Every Wednesday evening in Ottawa’s south end, a diverse group of children clomp their way down a narrow flight of stairs to a below-ground martial arts dojo called 100% Martial Arts. They are here to learn Jiu-jitsu.
The underground studio is softly lit and industrial-chic. There are jet black pipes above and a faux brick wall along the left side of the dojo. Ceiling-to-floor mirrors adorn one entire wall and punching bags dangle from wooden beams. The place was recently renovated, with some of the staff and its hardcore martial artists helping out.
“I helped do the bricks,” one of those patrons, Stephanie Schreiber, tells me. “Oh, and the floors, as well.” Schreiber, wearing a black gi, the traditional smoothed cotton outfit of martial arts, with a black belt cinched around her waist, stands in front of the children, who are mostly wearing blue gi and yellow belts. Schreiber, in her early 40s with shoulder-length dark hair and serene brown eyes, exudes a calm energy and makes everyone around her feel a little more at peace with the world. She moves easily with purpose and commands the room when she stands. It’s a useful demeanour when dealing with children. They are seated on the thick, dark grey mats which cover most of the floor in the dojo, looking up at Schreiber with wide eyes. They have come to learn Jiu-jitsu, and Schreiber is their sempai, their teacher.
The dojo is normally a serious place where people learn combat skills, but when Schreiber is here with the children, the mood is completely different. There’s laughter and excitement. The kids are adorable in their baggy outfits. Schreiber eases them through a series of movements. Today they’re learning how to deflect a punch and put an attacker on the ground. Schreiber demonstrates the technique several times with an assistant, then pairs the children up and guides each set through slow-motion versions of the moves.
“I’m a mom,” Schreiber tells me while having coffee in the spacious kitchen of the large south-end house she shares with her husband, Steve, and two teenagers. “Teaching kids comes naturally to me. It’s the adults I have to keep my eye on.”
Schreiber’s own children, Anna, 13 and Max, 15, are both students at the dojo. So is her husband Steve, who is also a Jiu-jitsu blackbelt by night and a government IT consultant during the day. “Stephanie is badass when she gets going,” he told me. “Don’t let her friendly mom persona trick you. She’s basically Wonder Woman.”
Schreiber never set out to earn a black belt, which is the top of the food chain in martial arts.
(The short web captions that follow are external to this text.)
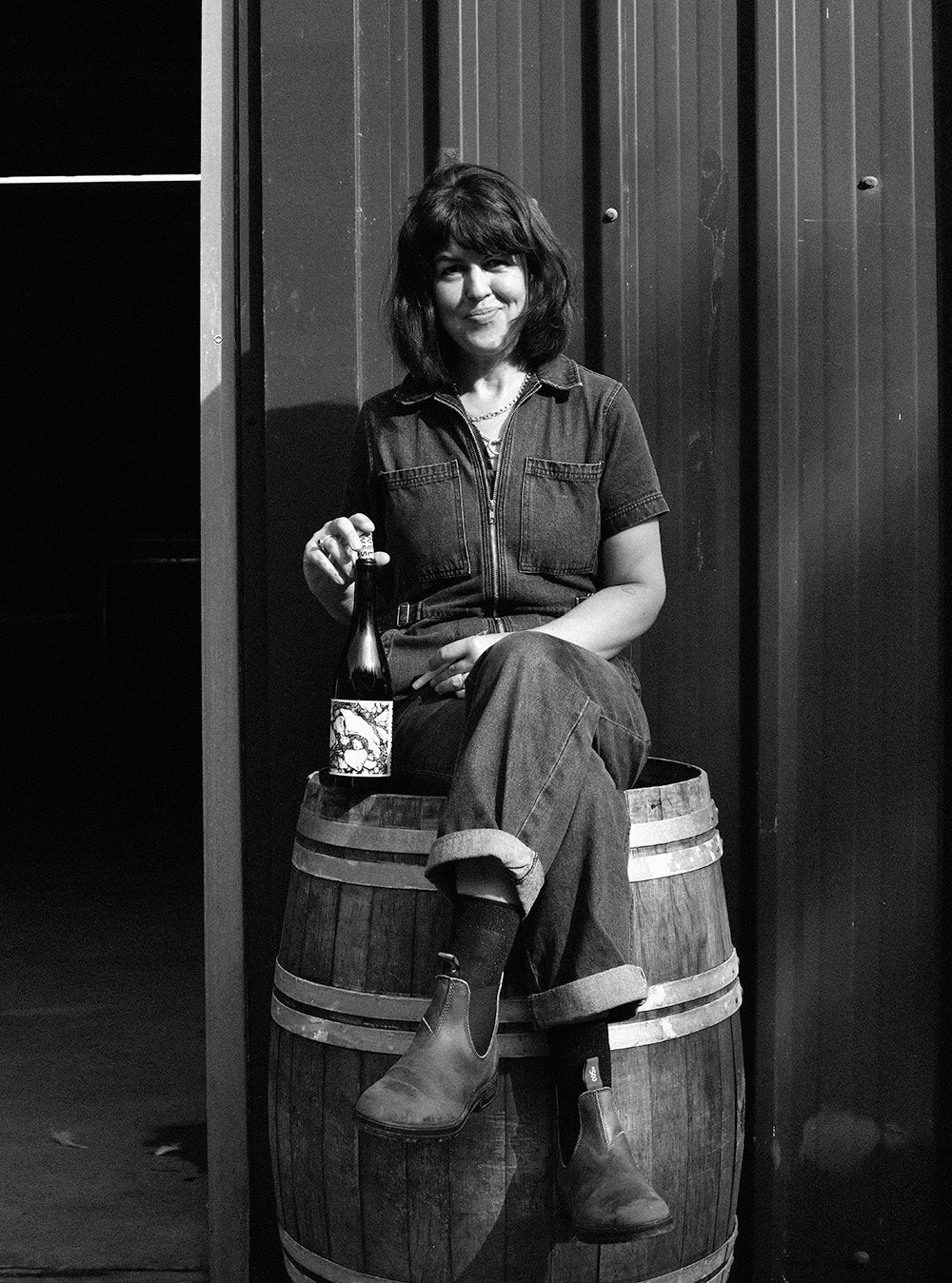 Westwell Wine Estates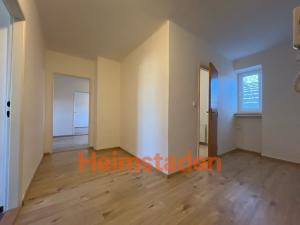Pronájem bytu 4+1, Havířov - Město, Jilemnického, 85 m2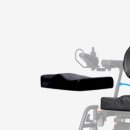 나래의료기 이미지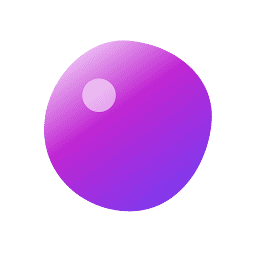 Skye logo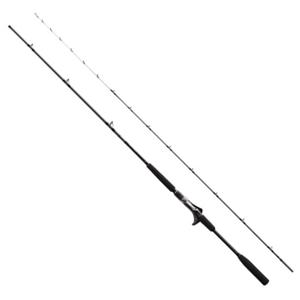 시마노(SHIMANO) 로드 21 베이 게임 히라메 64 M270LEFT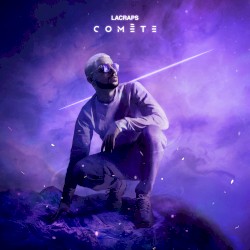 Comète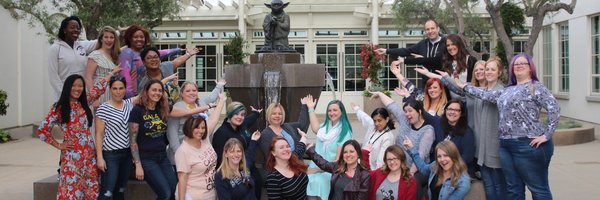 MomStart Profile Banner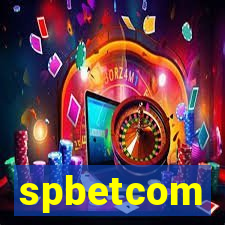 spbetcom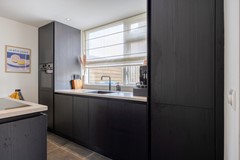 Gomarusstraat 27, 4845 EE Wagenberg - Gomarusstraat274845eeWagenberg-15.jpg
She started Jiu-jitsu six years ago as a white belt, the very first level.
“I began because I wanted something we could do as a family,” she says. “The kids were younger then, and we would go twice a week. Then I just kind of took to it.”
Generally, Ottawa’s martial artists attend a dojo a couple of times per week. It’s a great form of physical fitness and is known for its amazing mental health benefits. More importantly for many is the sense of community and the strong bonds of friendship formed at these dojos. Students progress through the ranks of their chosen martial art at their own pace, denoted by a variety of coloured belts and gi. Whether a person focuses on advancement or is there for their own benefit depends on their motivations.
Schreiber advanced through a dizzying array of belts and stripes, improving her combat skills and gaining confidence along the way. “I used to be afraid a lot,” Schreiber told me. “You know, I wouldn’t go out alone at night and if anybody had come at me, I don’t know what would have happened.”
“But now I don’t even think about it. It’s hard to explain. I see the world differently now. There are not many people out there who could hurt me now.”
She attributes this change fully to learning Jiu-jitsu. When she earned her black belt after a four-hour examination in front of a tribunal of Jiu-jitsu experts, she said she felt thrilled, but at the same time realized she had earned this herself.
“It took years,” she says. “I started off just wanting to do something different, and it gradually became this unconscious goal of mine to advance, to keep getting better, to keep getting those belts.”
Jiu-jitsu is not an easy sport. It dates back to eighth-century Japan and was designed as a way for unarmed peasants to defend themselves against well-armed samurai. It consists of a mix of sumo and other martial arts, with a strong focus on self-defence. There is a lot of grappling involved. A lot of flipping and falling and blocking.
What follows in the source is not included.